すると、文官の女性は少しだけ頬を赤く染めてから頭を深く下げて、失礼しますと告げて部屋から出て行った。
「……まぁ、エルシュ様は人の感情を動かすことが得意なのですね」
茶封筒を受け取ったオルアが小さく首を傾げながら、苦笑していた。
「え?」
「私、先程の文官と知り合いなのですが、周囲から生真面目で堅物だって言われている彼女が頬を染めるところなんて初めて見ましたわ」
「あら、そうなの?」
「ええ。きっと、エルシュ様に労って頂けたのが嬉しかったのでしょうね」
「それは……文官の方は私以上にお仕事があって忙しいでしょうから……。先程の方もお化粧で目立たないようにはしていたけれど、少しだけ表情が疲れているように見えたの」
きっと様々な職に属している者達は自分が知らないところで、懸命に働いているのだろう。それを尊敬しないわけがない。だからこそ、労う言葉をかけるべきだと思ったのだ。
「ふふ……。私はエルシュ様のそういうところ、好きですわ」
「えっ? ど、どういうところかしら?」
自分は一体、他の者達からどのような目で見られているのかと急に不安になってきてしまう。
もし自分がリディスの妻として、そして王妃として、王城で働く者達に認められていないならば、どうすればいいだろうか。
感情には出さないまま考え込むエルシュに対して、オルアは笑顔のまま小さく首を横に振る。
「これ以上、私の口からお伝えするのはどうかご容赦下さいませ。……ですが、私どもが一つ言えるとすれば……エルシュ様のお世話が出来ることが大変光栄だと思えるということでしょうか」
「……」
エルシュがオルアの言葉に瞳をぱちぱちと瞬かせていると、オルアはふっと女性らしい笑みを浮かべた。
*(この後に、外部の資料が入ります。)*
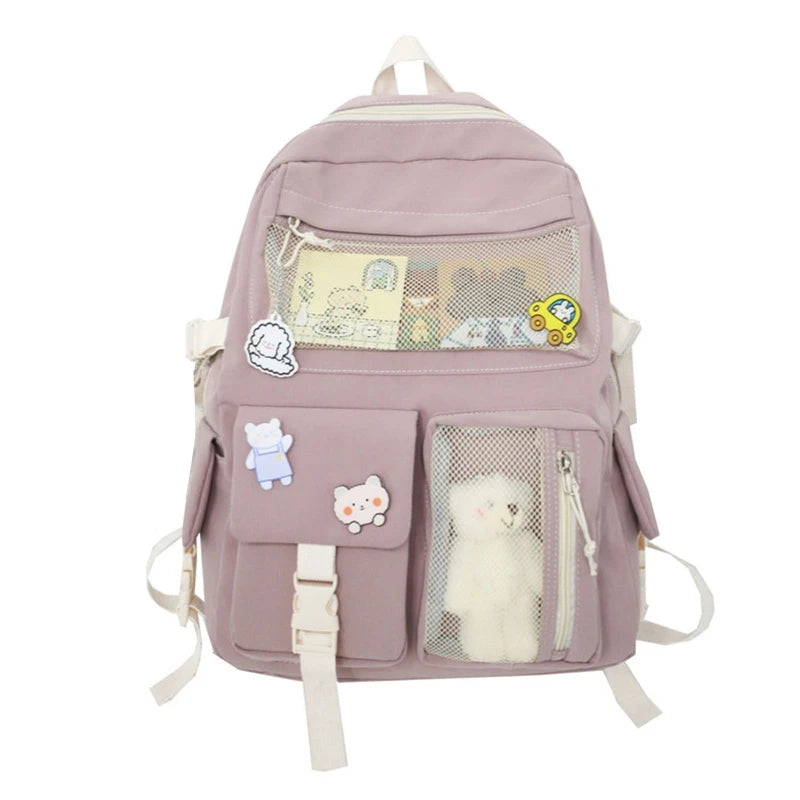 Japanese Style Cartoon Schoolbag Double Shoulder Bag for Teenage Girl Students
「おこがましいと思われるかもしれませんが……どうか、ご自分に自信を持って下さいませ。私どもは式典の際に凛と立っていらっしゃるエルシュ様を見ることを楽しみにしておりますので」
視線の端にはオルアの言葉に同意するように頷いているアンジュもいた。
……私は、ちゃんと周囲から認められるだろうか。認めて、もらえているのだろうか。
だが、侍女二人の穏やか笑みを見たことで、エルシュの心は先程よりも少しだけ軽くなっている気がした。
「……ありがとう。私、頑張るわ」
か細くもはっきりした声で言葉を返すと侍女二人は目元を和らげながら、優しげな笑みを浮かべる。
まだ、嫁いで来たばかりの自分を王妃として認めてくれる人は少ないだろう。それでも、自分を認めてくれている者達のために胸を張っていたいと思った。
……けれど、私はまだ、陛下に伝えたいことを伝えられていない。
リディスのことを考えた瞬間、胸元辺りがざわついたのは何故だろうか。彼が自分のことをどう思っているのか、分からないのだ。
妻として認めてもらえているのか、それとも──。
それだけがエルシュの心を夜凪のように静めていた。